Okay. I am going to write about the media and journalism, maybe on Mondays, in which case I will call those posts Media Monday; I am going to write about human evolution, archaeology, and anthropology, just as I did for Science for so many years—I might call that #FossilFriday and join the science nerds in celebration of that day; I am going to write about travel and food, just as I did for so many years for Bon Appetit, Islands, Travel &Leisure, National Geographic Traveler, etc; I will write about politics, at least when I think I have something unique to say (don’t we all think that?); and I will write about why some people set themselves on fire as a protest against injustice, as part of an ongoing series of posts about courage and cowardice.

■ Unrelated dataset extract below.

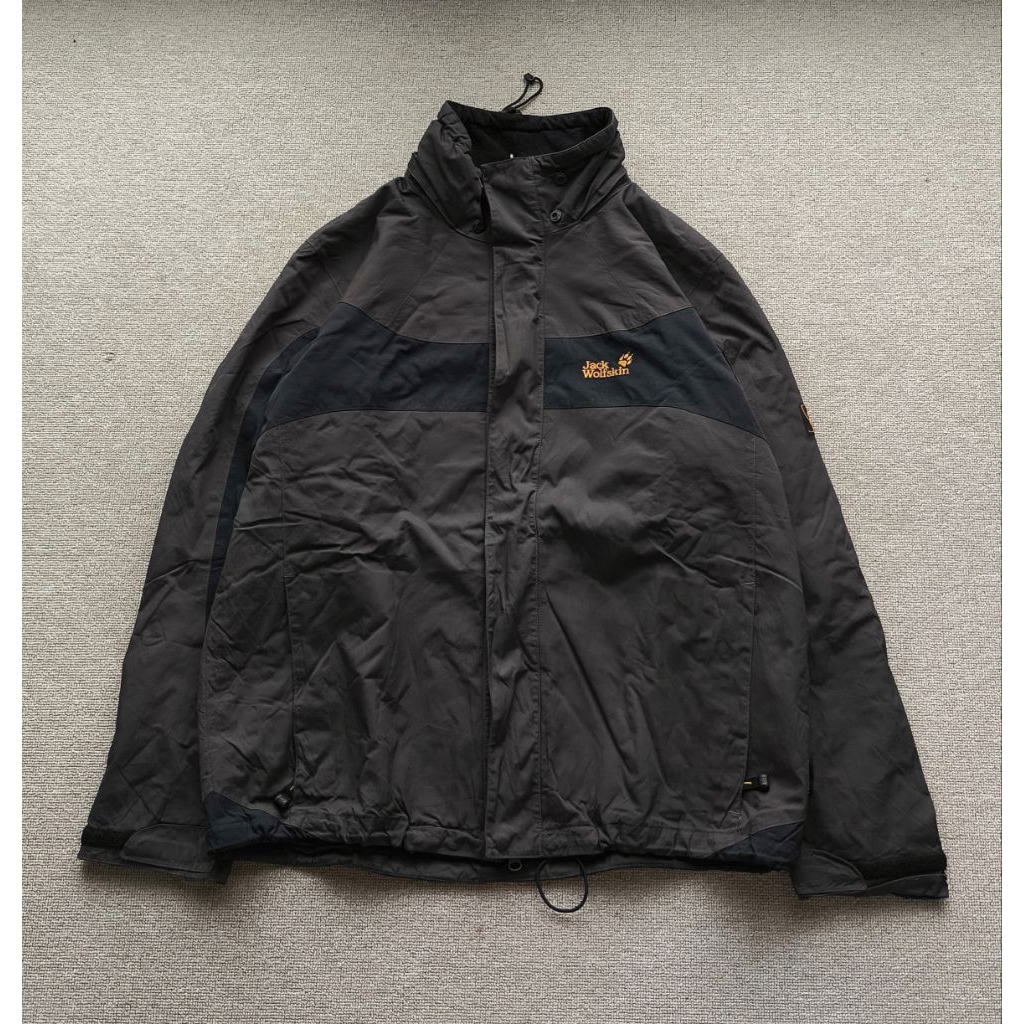 JWS JACK_W0LFSKIN*_ OUTDOOR WATERPROOF TEXAPORE TEBAL SZ XL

In other words, I will write about anything I damn well please. And there will be little financial pressure on me, the writer, or you, the reader, because I don’t need to make tens or hundreds of thousands of dollars doing this like the major players do. Three hundred subscribers, combined with a little freelancing and my social security pension, will give me all I need to hang out in the garden with my wife, feed our two beautiful cats, and buy some books on Kindle to keep my insatiable reading going, plus some occasional travel of course.
But please try the 60 day trial offer, and see if you like what I report and write. If you do, tell your friends. And if you like what you are reading after 60 days but don’t want to pay or don’t have enough money to pay, just send me an email and I will give you a free lifetime subscription. Fair enough?
I got an alert that someone had left a very nice comment but for some reason it did not post in the comments section. So I am pasting it here, and I will respond to it.
Mr. Balter- Congratulations on your new Substack newsletter! I always appreciated your reporting and opinions, but the previous commenter reminded me, inadvertently I guess, why it is so important to support people like you who are not afraid to expose the truth, and oppose those - like the commenter - who wish to bury it. I will gladly subscribe to your newsletter and support your future work, #MeToo or other.
So what your are saying is that You have already lost your legal case and are unemployable, banished to oblivion and reduced to peddling rehashed garbage to pay off that $18,000,000 judgement against. Also, you mentioned you love your cats but not your daughter.